[Records drawn from a dataset]
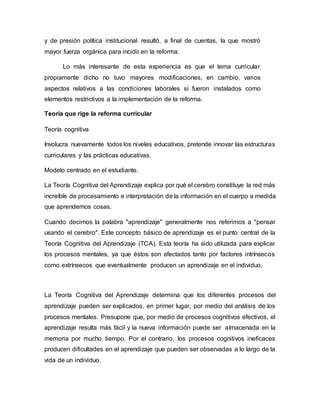 y de presión política institucional resultó, a final de cuentas, la que mostró
mayor fuerza orgánica para incidir en la reforma.
Lo más interesante de esta experiencia es que el tema curricular
propiamente dicho no tuvo mayores modificaciones, en cambio, varios
aspectos relativos a las condiciones laborales sí fueron instalados como
elementos restrictivos a la implementación de la reforma.
Teoría que rige la reforma curricular
Teoría cognitiva
Involucra nuevamente todos los niveles educativos, pretende innovar las estructuras
curriculares y las prácticas educativas.
Modelo centrado en el estudiante.
La Teoría Cognitiva del Aprendizaje explica por qué el cerebro constituye la red más
increíble de procesamiento e interpretación de la información en el cuerpo a medida
que aprendemos cosas.
Cuando decimos la palabra "aprendizaje" generalmente nos referimos a "pensar
usando el cerebro". Este concepto básico de aprendizaje es el punto central de la
Teoría Cognitiva del Aprendizaje (TCA). Esta teoría ha sido utilizada para explicar
los procesos mentales, ya que éstos son afectados tanto por factores intrínsecos
como extrínsecos que eventualmente producen un aprendizaje en el individuo.
La Teoría Cognitiva del Aprendizaje determina que los diferentes procesos del
aprendizaje pueden ser explicados, en primer lugar, por medio del análisis de los
procesos mentales. Presupone que, por medio de procesos cognitivos efectivos, el
aprendizaje resulta más fácil y la nueva información puede ser almacenada en la
memoria por mucho tiempo. Por el contrario, los procesos cognitivos ineficaces
producen dificultades en el aprendizaje que pueden ser observadas a lo largo de la
vida de un individuo.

## What is needed
Provide an exact copy of the records, excluding every picture.

## Exercise result
 y de presión política institucional resultó, a final de cuentas, la que mostró
mayor fuerza orgánica para incidir en la reforma.
Lo más interesante de esta experiencia es que el tema curricular
propiamente dicho no tuvo mayores modificaciones, en cambio, varios
aspectos relativos a las condiciones laborales sí fueron instalados como
elementos restrictivos a la implementación de la reforma.
Teoría que rige la reforma curricular
Teoría cognitiva
Involucra nuevamente todos los niveles educativos, pretende innovar las estructuras
curriculares y las prácticas educativas.
Modelo centrado en el estudiante.
La Teoría Cognitiva del Aprendizaje explica por qué el cerebro constituye la red más
increíble de procesamiento e interpretación de la información en el cuerpo a medida
que aprendemos cosas.
Cuando decimos la palabra "aprendizaje" generalmente nos referimos a "pensar
usando el cerebro". Este concepto básico de aprendizaje es el punto central de la
Teoría Cognitiva del Aprendizaje (TCA). Esta teoría ha sido utilizada para explicar
los procesos mentales, ya que éstos son afectados tanto por factores intrínsecos
como extrínsecos que eventualmente producen un aprendizaje en el individuo.
La Teoría Cognitiva del Aprendizaje determina que los diferentes procesos del
aprendizaje pueden ser explicados, en primer lugar, por medio del análisis de los
procesos mentales. Presupone que, por medio de procesos cognitivos efectivos, el
aprendizaje resulta más fácil y la nueva información puede ser almacenada en la
memoria por mucho tiempo. Por el contrario, los procesos cognitivos ineficaces
producen dificultades en el aprendizaje que pueden ser observadas a lo largo de la
vida de un individuo.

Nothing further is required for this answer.